La banalisation du « spectacle » de l’acte sexuel, du rapport sexuel et de ses variantes vient perturber frontalement quelque chose qui nécessite une maturation longue, autant physiologique que psychologique et culturelle. Cette banalisation bouscule une approche qui ne devrait être que personnelle, à son propre rythme. Elle est virtuelle, partagée

au sein de groupes de copains et de copines qui se trouvent de fait biaisés par le thème même de ce visionnage. Les équipes d’encadrement sont confrontées directement à cela. Quand elles ne participent pas à amplifier le phénomène en reproduisant au cours de veillées douteuses les pires débordements de la télé réalité, qui de fait, trouble un peu plus, culturellement, l’approche de la sexualité. Parler de la sexualité enfantine, avec des animateurs et des animatrices, c’est surtout rendre leur propre corps aux enfants, voire aux jeunes. C’est dé-moraliser le discours et le regard. C’est déculpabiliser.

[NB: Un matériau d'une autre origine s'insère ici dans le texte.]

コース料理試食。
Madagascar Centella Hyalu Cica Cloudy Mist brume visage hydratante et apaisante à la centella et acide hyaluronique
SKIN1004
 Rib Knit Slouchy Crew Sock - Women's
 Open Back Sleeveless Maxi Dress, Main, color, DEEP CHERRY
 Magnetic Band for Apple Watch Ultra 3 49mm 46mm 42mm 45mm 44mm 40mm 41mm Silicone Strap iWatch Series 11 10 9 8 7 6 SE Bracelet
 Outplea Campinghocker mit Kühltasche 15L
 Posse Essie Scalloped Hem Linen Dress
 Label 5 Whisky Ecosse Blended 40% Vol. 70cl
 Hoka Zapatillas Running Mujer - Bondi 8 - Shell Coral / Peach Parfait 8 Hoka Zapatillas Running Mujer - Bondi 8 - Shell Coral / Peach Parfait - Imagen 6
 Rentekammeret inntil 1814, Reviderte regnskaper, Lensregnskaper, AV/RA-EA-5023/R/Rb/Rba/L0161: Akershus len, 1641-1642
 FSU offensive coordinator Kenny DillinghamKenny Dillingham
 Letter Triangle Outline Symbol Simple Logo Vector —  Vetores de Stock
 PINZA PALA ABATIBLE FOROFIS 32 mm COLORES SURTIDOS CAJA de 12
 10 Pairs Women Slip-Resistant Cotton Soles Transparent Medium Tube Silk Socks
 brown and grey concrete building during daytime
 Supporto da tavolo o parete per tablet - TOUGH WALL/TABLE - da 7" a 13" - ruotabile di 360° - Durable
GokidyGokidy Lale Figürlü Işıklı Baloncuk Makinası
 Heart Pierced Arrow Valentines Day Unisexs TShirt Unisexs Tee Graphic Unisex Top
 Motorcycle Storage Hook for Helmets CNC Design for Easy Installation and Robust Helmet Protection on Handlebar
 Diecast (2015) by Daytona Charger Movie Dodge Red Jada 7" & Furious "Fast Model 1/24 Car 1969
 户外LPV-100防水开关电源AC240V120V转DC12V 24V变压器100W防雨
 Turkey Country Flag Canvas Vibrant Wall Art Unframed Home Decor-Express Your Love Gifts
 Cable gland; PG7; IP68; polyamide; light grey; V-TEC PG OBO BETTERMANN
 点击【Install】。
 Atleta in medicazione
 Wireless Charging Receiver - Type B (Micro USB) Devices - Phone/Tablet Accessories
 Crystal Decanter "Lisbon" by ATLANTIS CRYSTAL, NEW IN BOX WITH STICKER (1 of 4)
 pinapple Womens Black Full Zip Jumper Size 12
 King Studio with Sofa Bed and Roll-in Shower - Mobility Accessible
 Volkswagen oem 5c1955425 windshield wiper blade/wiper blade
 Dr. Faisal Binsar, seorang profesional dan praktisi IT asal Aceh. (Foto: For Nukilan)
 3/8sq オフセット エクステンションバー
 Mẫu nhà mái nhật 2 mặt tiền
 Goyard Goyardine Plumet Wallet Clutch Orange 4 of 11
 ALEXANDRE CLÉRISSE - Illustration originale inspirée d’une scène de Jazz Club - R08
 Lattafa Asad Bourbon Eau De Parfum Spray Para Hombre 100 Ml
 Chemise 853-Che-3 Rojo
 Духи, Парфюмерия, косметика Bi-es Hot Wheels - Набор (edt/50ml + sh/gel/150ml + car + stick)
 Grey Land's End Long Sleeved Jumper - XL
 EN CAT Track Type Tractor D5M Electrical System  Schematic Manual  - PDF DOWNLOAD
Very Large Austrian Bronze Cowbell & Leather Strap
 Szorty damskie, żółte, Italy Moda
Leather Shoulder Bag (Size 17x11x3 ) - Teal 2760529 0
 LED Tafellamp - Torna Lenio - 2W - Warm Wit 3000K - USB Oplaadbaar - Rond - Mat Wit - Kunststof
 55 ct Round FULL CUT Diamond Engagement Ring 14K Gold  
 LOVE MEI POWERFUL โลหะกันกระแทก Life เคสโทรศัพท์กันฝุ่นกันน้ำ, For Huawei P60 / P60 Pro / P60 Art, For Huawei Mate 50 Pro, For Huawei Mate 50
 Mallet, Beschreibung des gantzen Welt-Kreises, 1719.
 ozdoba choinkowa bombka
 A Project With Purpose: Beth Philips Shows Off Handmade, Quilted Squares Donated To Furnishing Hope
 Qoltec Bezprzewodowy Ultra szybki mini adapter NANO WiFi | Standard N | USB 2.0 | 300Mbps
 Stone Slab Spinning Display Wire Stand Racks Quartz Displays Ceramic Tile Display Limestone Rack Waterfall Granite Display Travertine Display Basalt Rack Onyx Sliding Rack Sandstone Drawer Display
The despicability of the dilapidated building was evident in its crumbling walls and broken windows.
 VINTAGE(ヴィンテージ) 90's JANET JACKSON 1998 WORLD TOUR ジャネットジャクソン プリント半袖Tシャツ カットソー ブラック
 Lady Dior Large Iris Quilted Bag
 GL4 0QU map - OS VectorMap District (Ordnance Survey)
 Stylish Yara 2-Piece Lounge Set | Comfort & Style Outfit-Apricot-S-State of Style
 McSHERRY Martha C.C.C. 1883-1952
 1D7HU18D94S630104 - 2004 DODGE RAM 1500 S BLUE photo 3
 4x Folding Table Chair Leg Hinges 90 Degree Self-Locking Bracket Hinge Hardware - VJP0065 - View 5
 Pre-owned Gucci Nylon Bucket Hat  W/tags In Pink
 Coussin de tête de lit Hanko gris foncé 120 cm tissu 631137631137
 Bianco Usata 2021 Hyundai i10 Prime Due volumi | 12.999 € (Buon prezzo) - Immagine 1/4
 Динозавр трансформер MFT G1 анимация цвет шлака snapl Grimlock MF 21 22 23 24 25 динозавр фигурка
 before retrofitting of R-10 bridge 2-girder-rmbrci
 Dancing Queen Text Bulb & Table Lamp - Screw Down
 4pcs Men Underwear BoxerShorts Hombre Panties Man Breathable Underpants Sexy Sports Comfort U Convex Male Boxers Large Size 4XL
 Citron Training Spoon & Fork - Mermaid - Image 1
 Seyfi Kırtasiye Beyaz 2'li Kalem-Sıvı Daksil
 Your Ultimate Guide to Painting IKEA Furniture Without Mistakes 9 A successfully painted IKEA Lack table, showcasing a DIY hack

Faire comprendre, informer et former

Non, un enfant qui se « touche » n’est pas un futur obsédé sexuel ou autre pervers. Non, les jeunes garçons qui mesurent leurs sexes à la lumière d’une lampe de poche et les comparent, ne sont pas de futurs homosexuels, et quand bien même d’ailleurs ! De même, les découvertes mutuelles des corps et des sexes n’induit pas une appétence future aux relations de groupes choisies ou non ! Il faut cesser d’urgence de regarder et d’analyser la sexualité enfantine avec des regards d’adultes fondés sur des pratiques d’adultes, ou de jeunes responsables de leur sexualité – faisons le pari que cela existe.

Est-il nécessaire de dire ici que la pédophilie est une perversion d’adulte ? Est-il nécessaire de dire que les violences sexuelles sont d’abord des violences aux personnes et devraient se traiter d’abord comme des violences. Ce qui est en jeu, c’est l’acception du corps de l’enfant. Ce qui va fonder en partie l’appropriation de son corps par l’enfant, c’est qu’il soit touché. Les mains et le corps de sa mère et de son père, les mains des enseignants, des copains. Etre touché, être en situation de confrontation corporelle fonde une personne et une personnalité. Cette relation, si elle est sexuée, de fait, n’est en rien sexuelle. Mais la peur de toucher les enfants, l’angoisse pour un animateur de prendre un enfant sur ses genoux, parce que ci ou parce que ça, sexualise ! L’angoisse est sexuelle, socialement ou culturellement sexuelle ! Premier « problème » ! Ensuite, et c’est tellement dommage de devoir le rappeler, la sexualité, le sexe et tout ce qui s’en rapproche n’est ni « sale » ni « mal ». Quand il s’agira de jeunes, dans une démarche certes différente, il faudra bien admettre que la relation sexuelle n’est pas interdite, y compris par la loi, entre deux adolescents, dans la mesure où elle est choisie et consentie. Nous nous trouvons dans la même démarche de diabolisation. Comme on parle toujours plus facilement de maltraitance que de bientraitance, on aborde trop souvent la sexualité, qui plus est enfantine, par le côté « problèmes  », violences, perversion. Ce qui d’ailleurs, bien souvent, contribue à créer le ou les problèmes. Il ne s’agit pas d’être naïf. La sexualité devrait s’apprendre, sereinement. Elle devrait pouvoir être parlée, sereinement également.Les temps de vacances et de loisirs sont des temps privilégiés, pour dédramatiser l’approche de la sexualité enfantine. Cela va nécessiter que les animateurs soient pour le moins informés, en dehors d’informations de types réglementaires. Que la sexualité soit comme d’autres approches, au coeur des projets pédagogiques des séjours. Et qu’enfin, les anges aient des sexes.